The perverse role of debt in feeling wealthy

March 3, 2012

I had the pleasure of meeting up with Abby Sussman of Princeton last night, who investigates the psychology of wealth - assets and liabilities. Her recent piece in Psychological Science sums it up well:

We studied the perception of wealth as a function of varying levels of assets and debt. We found that with total gross wealth held constant, people with positive net worth feel and are seen as wealthier when they have lower debt (despite having fewer assets). In contrast, people with equal but negative net worth feel and are considered wealthier when they have greater assets (despite having larger debt). This pattern persists in the perception of both the self and others. We explore consequences for the willingness to borrow and lend and briefly discuss the policy implications of these finding.


Here is a presentation laying it out. Get this:

Comparing two people in the black, 93% would rather have low debt and low assets.
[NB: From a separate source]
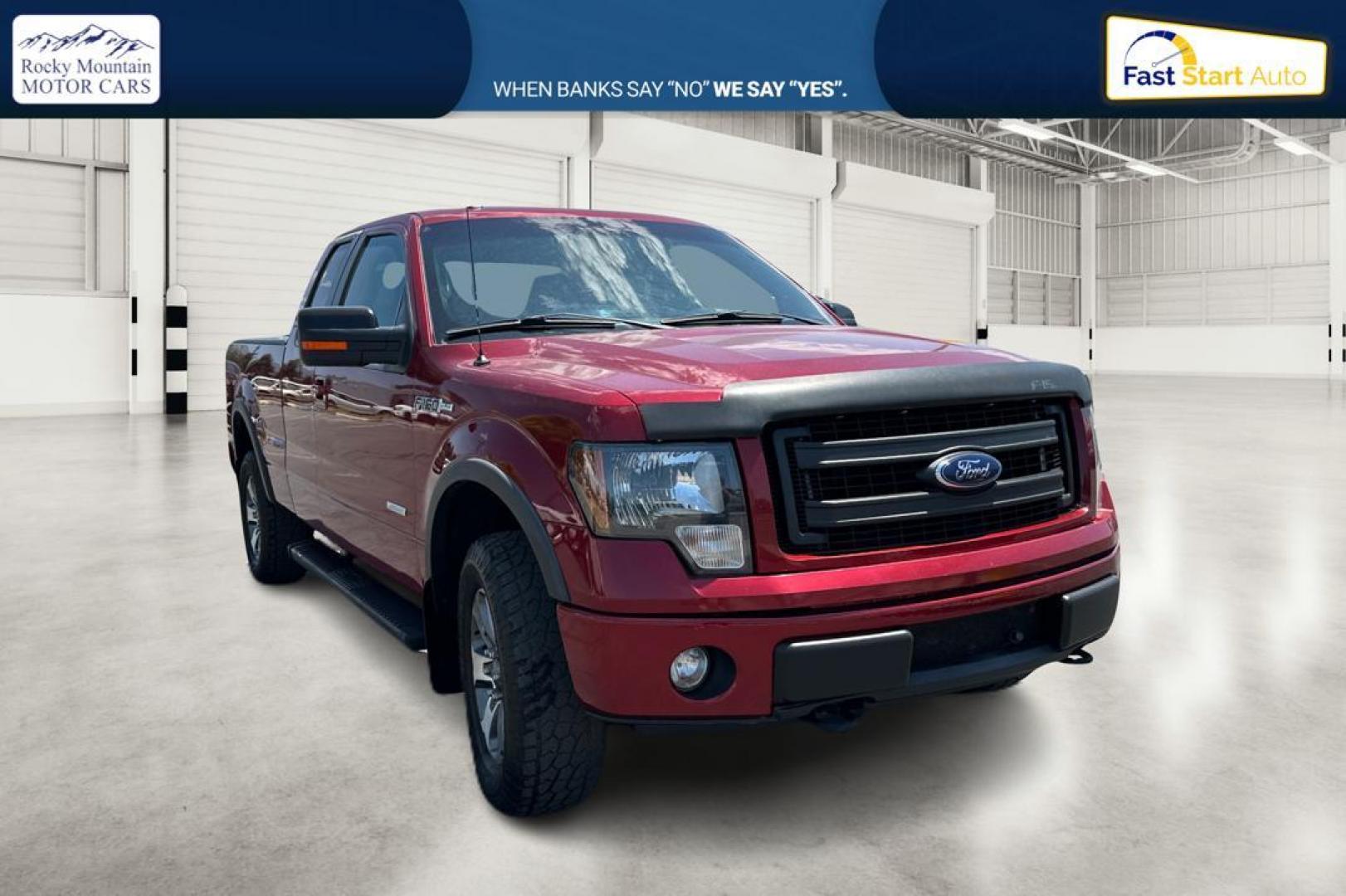 2013 Red Ford F-150 XLT SuperCab 6.5-ft. Bed 4WD (1FTFX1ETXDF) with an 3.5L V6 TURBO engine, 6-Speed Automatic transmission, located at 7755 State Street, Midvale, UT, 84047, (801) 753-9063, 40.610329, -111.892159 - Photo#0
For people in red, 66% would rather have high debt and high assets. In playing the role of a loan officer, comparing the two profiles in the black, 75% would grant a loan to the person with low debt and low assets. For profiles in the red, 74% would grant the loan to the person with high debt and high assets.

So if we have positive net wealth, we are motivated to pay-down our debt, to feel and be considered wealthier. If we have negative net wealth (underwater home owners, ahem), we are motivated to take on more debt. And as outsiders, we apparently agree.